● The problem: All of the data below should be printed again word for word, pictures excluded.

● Given material:
= Beginning of Section =

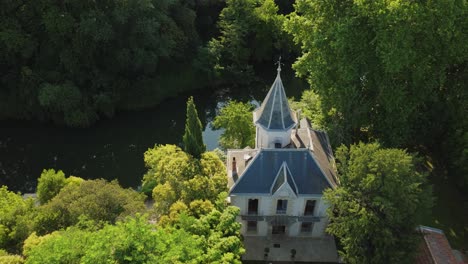 aerial view of picturesque french chateau with pointy roofs displaying timeless beauty and historic charm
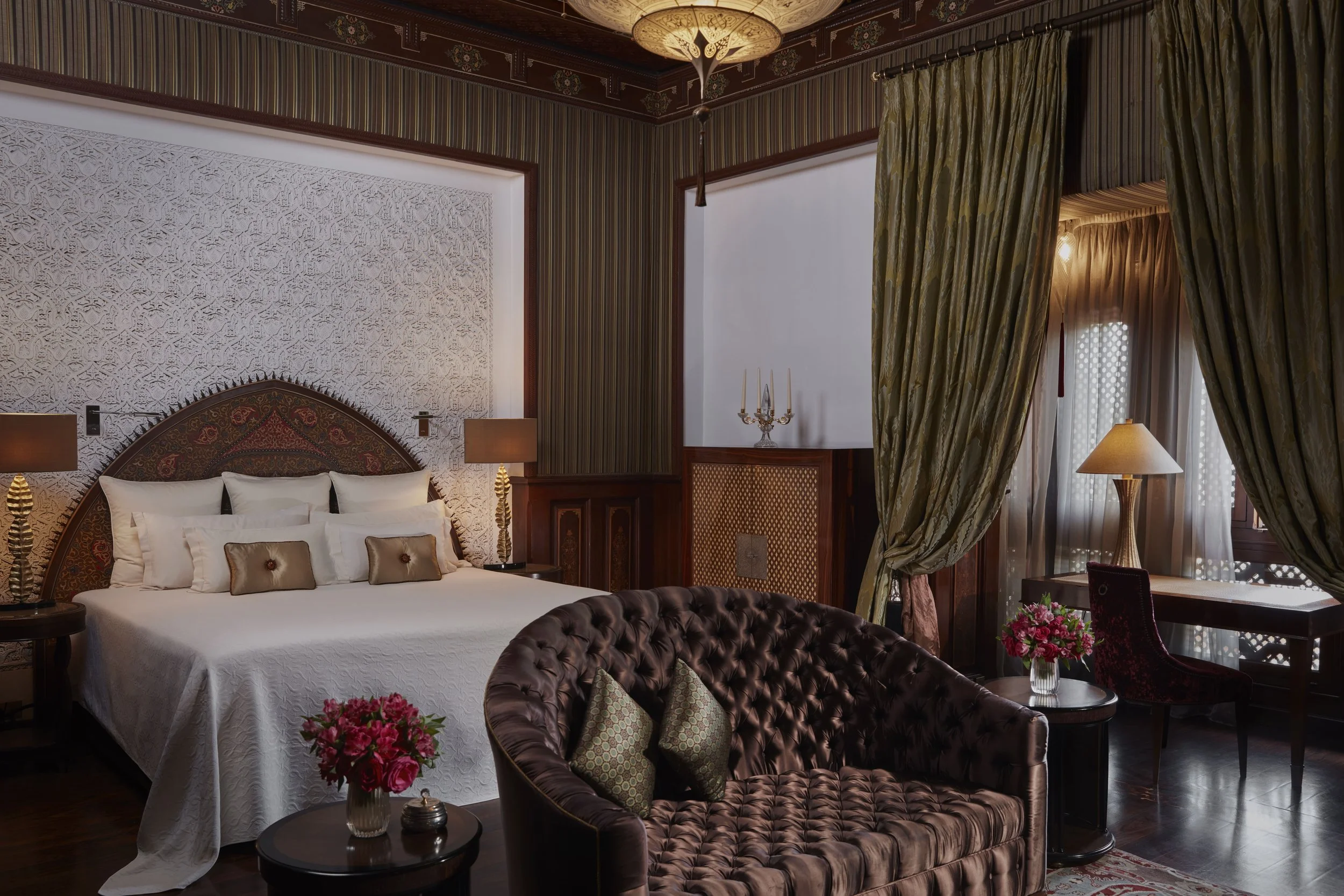 A luxurious hotel room features a large bed with white linens and decorative pillows, a tufted leather armchair with patterned cushions, side tables with lamps, a floral arrangement on a table, textured wall panels, striped and floral curtains, and o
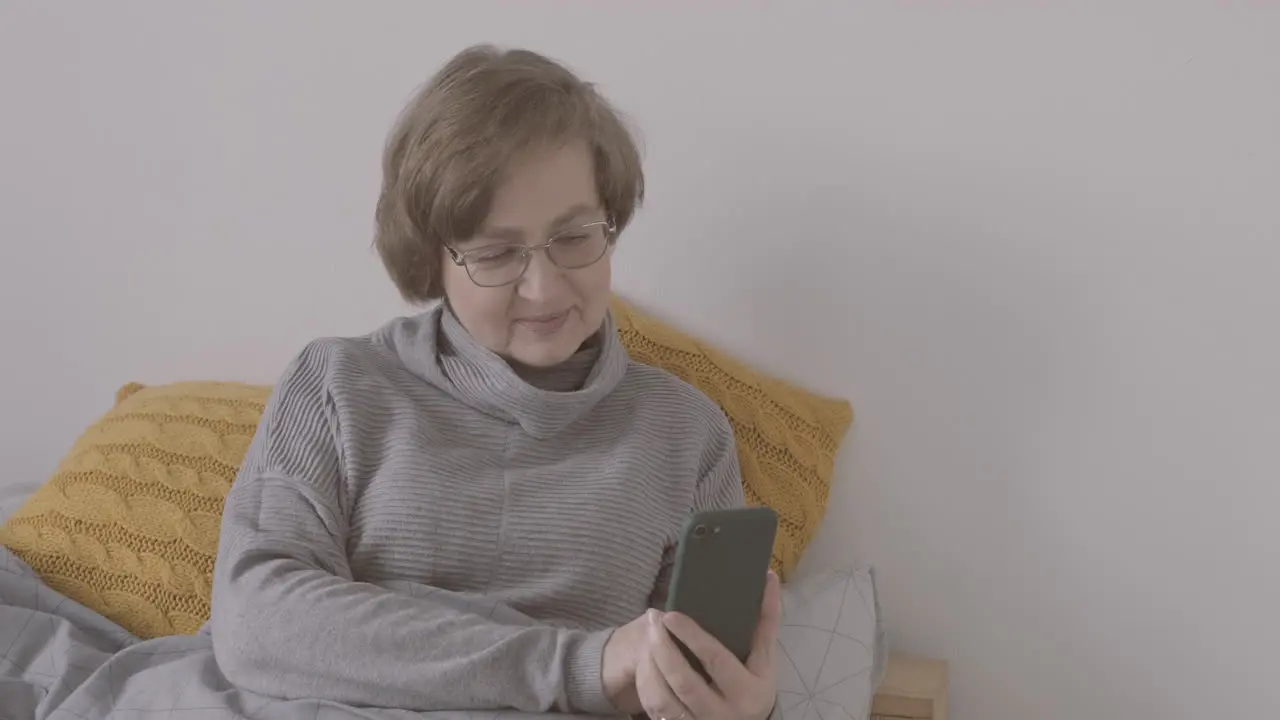 Senior Woman With Eyeglasses Sitting On Bed Using Smartphone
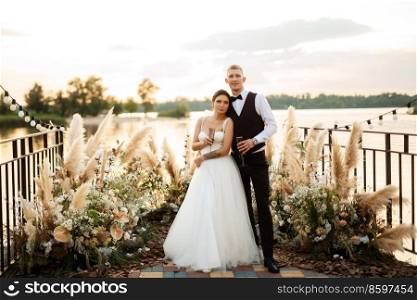 bride and groom against the backdrop of a yellow sunset on a pier near the river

= End of Section =

● Output below:
 aerial view of picturesque french chateau with pointy roofs displaying timeless beauty and historic charm
 A luxurious hotel room features a large bed with white linens and decorative pillows, a tufted leather armchair with patterned cushions, side tables with lamps, a floral arrangement on a table, textured wall panels, striped and floral curtains, and o
 Senior Woman With Eyeglasses Sitting On Bed Using Smartphone
 bride and groom against the backdrop of a yellow sunset on a pier near the river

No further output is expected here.